Intel, the world's largest chipmaker for personal computers, announced 3,000 cuts on Tuesday as it reported a 36 percent drop in first-quarter profits and a 7 percent decline in revenue.
The company predicted similar results in the current quarter as PC manufacturers continue to reduce their stocks. But it cautiously expected business to pick up again later in 1998.Some industry analysts agreed, saying new chips Intel was introducing Wednesday also should help perk up demand.
"I think some of the new technology Intel is introducing . . . is going to get into the mainstream in the second half of the year," said Linley Gwenap, editor of Micro-processor Report newsletter.
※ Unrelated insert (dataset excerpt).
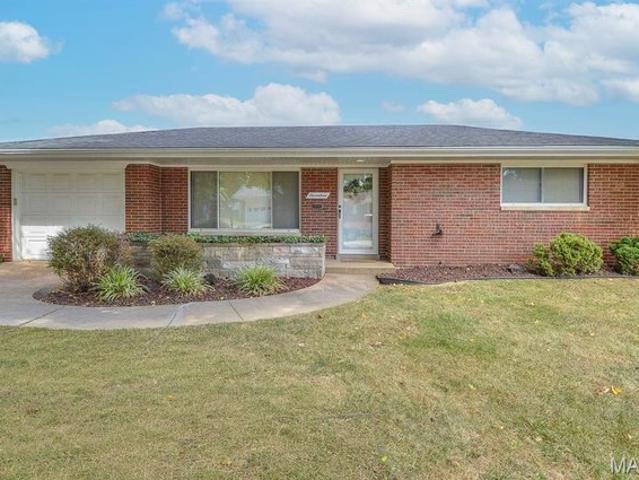 House for sale in Royal Heights, Belleville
Intel, based in Santa Clara, Calif., earned $1.27 billion, or 72 cents a share on a diluted basis, in the January-March quarter. That was down from $1.98 billion, or $1.10 a share, in the year-ago period.
The lower profits also reflected a charge of about $165 million, or 9 cents a share, to account for Intel's acquisition last year of Chips and Technologies Inc.
Revenues, meanwhile, fell to $6 billion from $6.45 billion.
The financial results exceeded the diminished expectations set by Intel last month. Still, Intel chairman and chief executive officer Andrew S. Grove called the quarter disappointing.